Rats and mice are also mammals and due to their abundance in the urban landscape, they’ll be an excellent food source. Just be aware of where you’re catching them. Avoid catching rats near the dumpsters or smelly allies as they probably have unhealthy diets. Hunt for rats in the parks and forested areas as they’ll be much healthier.
During World War II the Nazis farmed and bread rats for consumption due to their rapid growth, reproduction cycle and low maintenance. They were actually considered a delicacy! If you have a large supply of grains or rice, having a rat or mouse farm can be a very lucrative and smart investment.
Unlike reptiles and insects, all birds are edible. As with all wild creatures, the trick to catching birds is in knowing the habits and behaviors of the various species. For example, if you study the birds’ activities you will see their flyways (the air routes they take from the roost to feeding areas, water, and back to the roost). After you’ve learned these patterns, a trap can then be set across the flyway. In general, roosting sites and bodies of water are good places to set up traps or snares. With some birds such pigeons, you can take the bird directly from its roost by hand at night! Some birds during nesting season will not leave their nest day or night, even when danger is near. Thus knowing when and where the birds are likely to nest will make it much easier to catch them.

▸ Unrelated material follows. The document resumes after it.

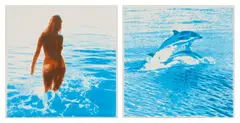 «Donna» e «Delfini» by Rotella, Piastrelle in ceramica policroma, offered May 2024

Don’t forget that nesting birds also mean eggs! Don’t remove all of the eggs; leave a few and mark them in some way. Some birds will lay more eggs to “refill” the nest and so when you return you’ll be able to tell which eggs are the fresh ones (they’ll be the ones without a mark). Take the eggs, again leaving the marked ones and you can keep coming back again repeating the process. In an urban environment you’ll find that birds set up their nests on building rooftops, thick hedges, building ledges and the places humans usually don’t venture.
One of the easiest ways to catch a larger bird (excluding Crows due to their intelligence) is to just feed them! City birds such as Pigeons and Sea Galls are so use to humans that you can virtually hand feed them, meaning you can lure them in with some food then either club a few to death or just grab them with gloved hands and break their necks. Another method is to place a small bite size chunk of bread around a fish hook tied to a fishing wire. Throw the hooked bread out to a timid bird and when they’ve swallowed it down… pull the wire and reel them in. Sounds easy, doesn’t it?